Jakarta, Gempita.co – Tanaman ganja ditetapkan Menteri Pertanian Syahrul Yasin Limpo, sebagai salah satu tanaman obat binaan Kementerian Pertanian.
Keputusan itu tertera dalam Keputusan Menteri Pertanian Nomor 104/KPTS/HK.140/M/2/2020 tentang Komoditas Binaan Kementerian Pertanian, yang ditandatangani Mentan SYL pada 3 Februari 2020 silam.
“Bahwa tanaman binaan dan komoditas lain lingkup Kementerian Pertanian saat ini mengalami perkembangan jenis komoditas,” tulis Kepmen tersebut, seperti dikutip Sabtu, 29 Agustus 2020.
Dalam diktum pertama Kepmen tersebut, diuraikan bahwa komoditas binaan Kementerian Pertanian menjadi wewenang 4 direktorat jenderal (ditjen) di dalam instansi. Antara lain Ditjen Tanaman Pangan, Ditjen Hortikultura, Ditjen Perkebunan, serta Ditjen Peternakan dan Kesehatan Hewan.
Adapun ganja (cannabis sativa) merupakan salah satu komoditas tanaman obat yang berasal di bawah binaan Ditjen Tanaman Pangan.

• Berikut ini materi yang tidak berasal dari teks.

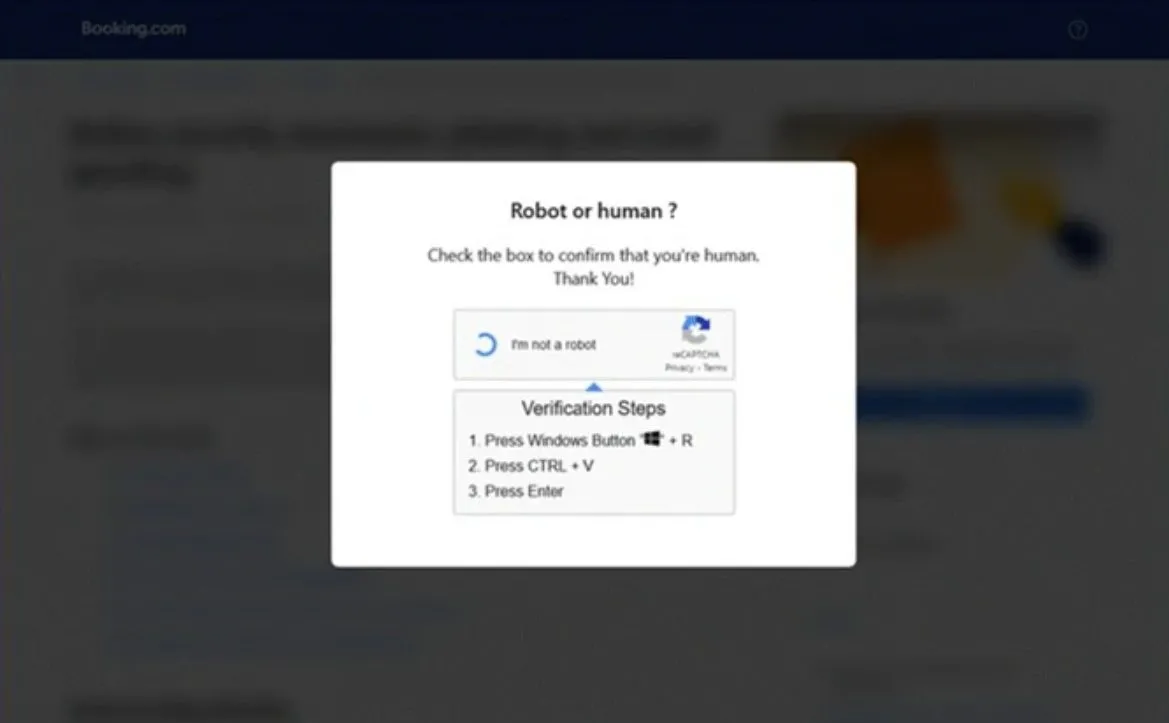 Ví dụ trang CAPTCHA giả mạo yêu cầu người dùng chạy lệnh từ Microsoft Threat Intelligence trong vụ lừa đảo Booking.com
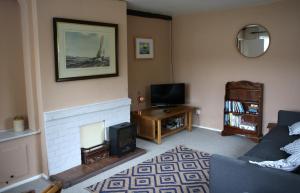 Convenient and stylish cottage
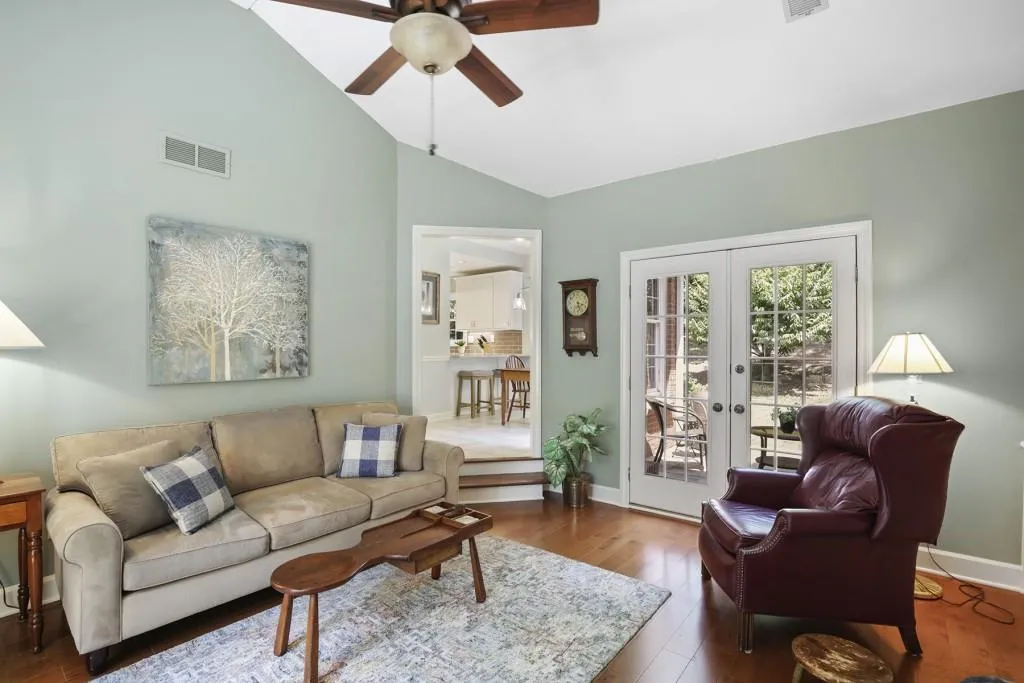 16 Vernon Glen Court, Atlanta, Georgia 30338, 3 Bedrooms Bedrooms, ,2 BathroomsBathrooms,Residential,Sold,16 Vernon Glen Court,7245877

Total ada sebanyak 66 komoditas tanaman obat yang berada di bawah direktorat jenderal tersebut, salah satunya seperti akar kucing, jahe, kecubung, hingga purwoceng.
Untuk catatan, ganja dalam peraturan pemerintah lainnya ditetapkan sebagai jenis narkotika golongan I. Itu tercantum dalam UU) Nomor 35 Tahun 2009 tentang Narkotika.
Dalam menetapkan komoditas binaan dan produk turunannya, berbagai ditjen di bawah Kementan wajib berkoordinasi dengan Badan Penelitian dan Pengembangan Pertanian, direktorat jenderal teknis lingkup Kementerian Pertanian, pakar/perguruan tinggi, hingga pihak kementerian/lembaga.
“Keputusan Menteri ini mulai berlaku pada tanggal ditetapkan (3 Februari 2020),” bunyi diktum ketujuh Keputusan Menteri Pertanian 104/KPTS/HK.140/M/2/2020.
Tak Setuju Ganja Medis
Sebelumnya Bareskrim Polri dan BNN juga mencatat jumlah kasus ganja masih terbilang cukup besar di Indonesia. Jika dilegalkan, maka akan lebih banyak lagi penyalahgunaan ganja dengan dalih apapun.
“Mereka yang ingin mengonsumsi ganja untuk kebutuhan rekreasi, bisa beralibi untuk kebutuhan medis,” ujar Dirtipid Narkoba Bareskrim Polri Brigjen Krisno Siregar.
Krisno mengatakan, dengan adanya rekomendasi ganja medis oleh WHO justru akan menimbulkan permasalahan di Indonesia. Seperti peningkatan angka orang sakit dan kematian akibat maraknya penggunaan ganja.
“Untuk itu, seluruh peserta sepakat untuk menolak rekomendasi WHO 5.4 dan 5.5 sebagai statemen dan sikap Indonesia atas rekomendasi tersebut,” katanya.